The main theses from the interview with the new KNRTU-KAI vice-rector for development

I came to Kazan more than six years ago to create a new university, «Innopolis». I was pleasantly surprised by the quality of life in the city. Already in Kazan I got married, I had a child, I enjoyed living here. Kazan is incomparably more comfortable for life than Moscow. Especially for living with little children.

In the short term, we have already changed our work with Olympiad participants - those guys who enter the university out of competition, according to the results at Olympiads. We have established work with those who have already entered KAI, and we hope that this will bring us noticeable results both in the number of those students who will come to the university and in the quality of work with those who have already come, because these guys are talented. They have great potential.
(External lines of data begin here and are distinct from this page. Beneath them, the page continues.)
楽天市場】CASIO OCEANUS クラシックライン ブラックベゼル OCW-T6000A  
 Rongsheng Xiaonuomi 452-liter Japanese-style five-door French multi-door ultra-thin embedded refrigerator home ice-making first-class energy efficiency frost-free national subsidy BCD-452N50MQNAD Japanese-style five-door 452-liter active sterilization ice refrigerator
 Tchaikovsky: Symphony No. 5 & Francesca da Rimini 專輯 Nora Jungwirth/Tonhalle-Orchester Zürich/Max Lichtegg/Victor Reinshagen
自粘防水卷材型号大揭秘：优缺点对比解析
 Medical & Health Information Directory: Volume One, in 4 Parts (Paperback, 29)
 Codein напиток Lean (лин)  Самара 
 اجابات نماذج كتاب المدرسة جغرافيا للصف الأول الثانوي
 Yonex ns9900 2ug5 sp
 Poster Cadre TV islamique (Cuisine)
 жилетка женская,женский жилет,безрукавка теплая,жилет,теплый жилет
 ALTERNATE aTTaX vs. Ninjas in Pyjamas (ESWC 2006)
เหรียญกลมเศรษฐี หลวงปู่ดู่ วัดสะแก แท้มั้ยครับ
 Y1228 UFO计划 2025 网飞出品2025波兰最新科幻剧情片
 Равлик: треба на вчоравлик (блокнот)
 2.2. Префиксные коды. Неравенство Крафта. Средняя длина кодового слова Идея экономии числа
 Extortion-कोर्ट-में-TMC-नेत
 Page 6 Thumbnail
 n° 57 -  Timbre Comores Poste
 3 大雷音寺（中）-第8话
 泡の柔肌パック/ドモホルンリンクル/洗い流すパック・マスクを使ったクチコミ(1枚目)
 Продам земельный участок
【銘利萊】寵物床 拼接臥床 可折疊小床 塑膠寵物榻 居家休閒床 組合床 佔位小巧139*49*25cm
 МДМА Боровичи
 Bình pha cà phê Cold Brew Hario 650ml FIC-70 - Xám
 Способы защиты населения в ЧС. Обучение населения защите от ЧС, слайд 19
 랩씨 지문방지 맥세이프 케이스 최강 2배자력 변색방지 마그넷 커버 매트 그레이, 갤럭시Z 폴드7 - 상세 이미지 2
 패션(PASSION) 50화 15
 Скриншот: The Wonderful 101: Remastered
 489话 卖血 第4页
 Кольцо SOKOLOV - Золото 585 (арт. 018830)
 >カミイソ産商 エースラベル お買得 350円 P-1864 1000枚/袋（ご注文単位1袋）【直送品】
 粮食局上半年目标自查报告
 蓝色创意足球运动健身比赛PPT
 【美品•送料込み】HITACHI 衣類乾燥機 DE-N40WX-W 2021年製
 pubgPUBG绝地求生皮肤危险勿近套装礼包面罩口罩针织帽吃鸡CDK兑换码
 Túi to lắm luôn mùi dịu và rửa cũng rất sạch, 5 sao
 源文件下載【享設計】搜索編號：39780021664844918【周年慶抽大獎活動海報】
I think it’s right to make every effort to reveal their potential in KAI, to make it so interesting for them, to make them striving to stay here, so that they feel themselves in KAI necessary, important and just feel at home.

In the long term, we, of course, are striving for high position in world rankings. KAI is the top university, nevertheless in international rankings, it is not yet sufficiently represented. And this is what is needed to change, in case of KAI’s great opportunities for that. And our task is not only to show the maximum potential of the university, but also to reflect this potential in indicators that are understandable to the international community.

Double-diplomas programs with German universities are a good example of how students get accept for, perhaps, the best elements of Russian and German education, get both diplomas recognizable in our country and in Germany. At KAI this programs concern only magistracy, cause it is the most flexible system of currently existing ones. But it would also be interesting to build a bachelor’s system that would be a hybrid.

I taught hydrodynamics and, probably, if we have an English-language program (cause I was teaching in English), I’d gladly return to teaching either an introduction to hydrodynamics or teaching hydroacoustics. Another discipline I could teach is about how professors should be taught.

For KAI students, I wish to preserve and cultivate this particular identity that KAI has. This is very important and very valuable. KAI graduates and students are really different - in the good sense of the word. And it’s very important that they remember this and be proud of it.